La possibilité que Donald Trump ou son organisation fassent des affaires à Cuba est de nouveau au cœur de la conversation publique après que le vice-ministre des Affaires étrangères, Carlos Fernández de Cossío, ait déclaré au New York Times que le régime n'exclurait pas le président américain en tant qu'investisseur sur l'île.
La question est née d'un projet connu sous le nom de "Trump Island", une initiative privée pilotée par un homme d'affaires des Émirats Arabes Unis qui vise à développer un complexe touristique de luxe à Cayo Santa María, au nord de Villa Clara.
Mais qu'est-ce que ce projet et quelle est la vérité à son sujet ?
Une proposition privée, pas un projet de Trump
L'origine de l'histoire se trouve dans un reportage publié en juin par le journal émirati The National, qui a révélé que le groupe d'affaires Abdulla Ali Bin Haidar Group a signé une lettre d'intention avec le gouvernement cubain pour promouvoir un grand développement touristique à Cayo Santa María.

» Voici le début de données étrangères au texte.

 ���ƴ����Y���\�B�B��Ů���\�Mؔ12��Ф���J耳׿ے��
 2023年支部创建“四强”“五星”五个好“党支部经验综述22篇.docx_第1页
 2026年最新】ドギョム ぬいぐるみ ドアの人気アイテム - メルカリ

Selon ce média, l'entrepreneur Ali Abdullah Bin Haidar a l'intention de transformer le complexe en une destination de luxe destinée au marché international.

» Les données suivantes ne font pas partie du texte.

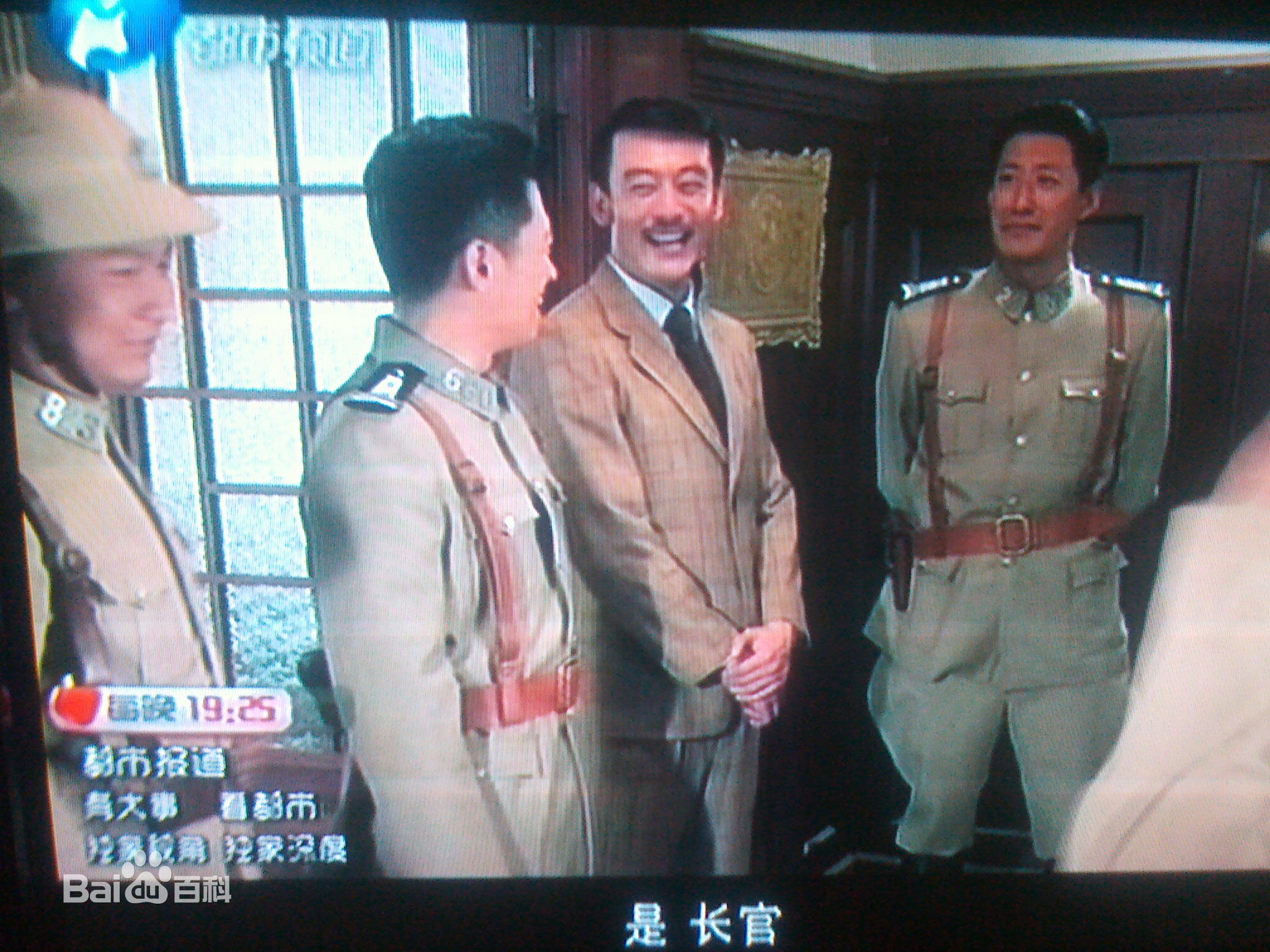 最全刘俊孝(Dean)在2012年《上海滩之生死较量》饰演李查德中的壁纸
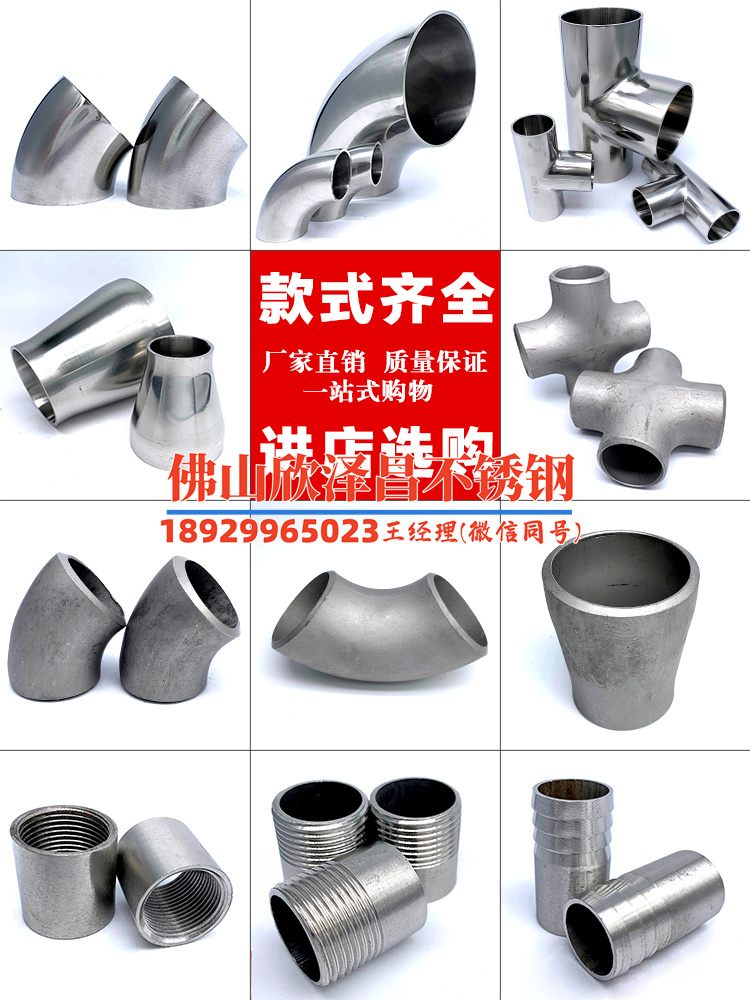 广东316l不锈钢管生产公司现货供应充足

La proposition prévoit que, si les négociations avec la Trump Organization aboutissent, le complexe puisse porter le nom de "Trump Island".
Cependant, le reportage lui-même clarifie que il n'existe aucun accord avec l'entreprise de Donald Trump, ni d'autorisation d'utiliser sa marque.

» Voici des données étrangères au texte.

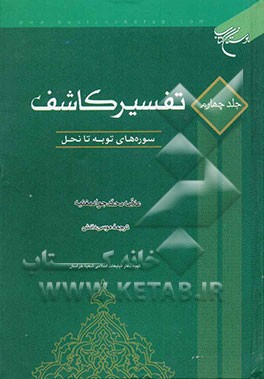 تفسیر کاشف: سوره‌های توبه تا نحل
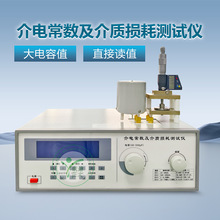 塑料陶瓷介质损耗因数测试仪 介质损耗因数测试仪 介电常数测试仪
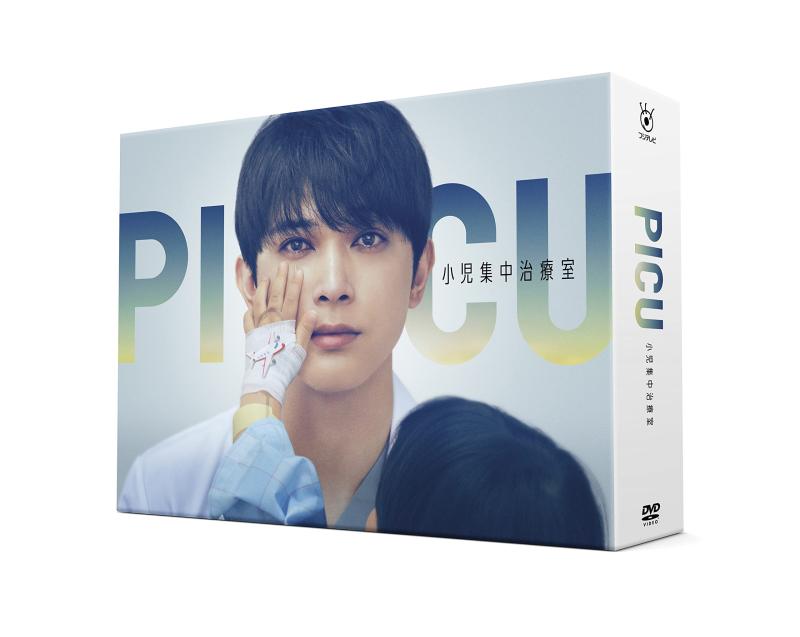 【中古】ＰＩＣＵ 小児集中治療室　DVD-BOX [DVD]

La documentation consultée par The National précise même que "Trump Island" n'est qu'une option de nom à l'étude et souligne qu'il n'existe aucun lien commercial ni autorisation de la Trump Organization.
La Trump Organization participe-t-elle au projet ?
Non. Jusqu'à présent, il n'y a aucune preuve que la Trump Organization fasse partie du développement ni qu'elle ait accepté d'y participer.
L'homme d'affaires émirati a affirmé avoir établi des contacts avec des représentants de l'organisation et a déclaré que l'idée avait été reçue avec intérêt, bien qu'il ait reconnu que il n'a pas encore reçu d'approbation de la part des États-Unis.
De plus, The National a rapporté qu'il avait demandé une réaction officielle à la Trump Organization, mais n'a pas obtenu de réponse avant de publier l'article.
Que dit le régime cubain ?
L'affaire est arrivée cette semaine dans les pages du New York Times, lorsque le journaliste Jack Nicas a directement interrogé le vice-ministre des Affaires étrangères, Carlos Fernández de Cossío, à propos de ces rapports.
La première réponse du fonctionnaire a été prudente : "Je dirais que nous ne considérons rien de ce genre en particulier."
Néanmoins, il a immédiatement réitéré que Cuba cherche à attirer des investissements étrangers et que cette politique n'exclut pas les entrepreneurs américains.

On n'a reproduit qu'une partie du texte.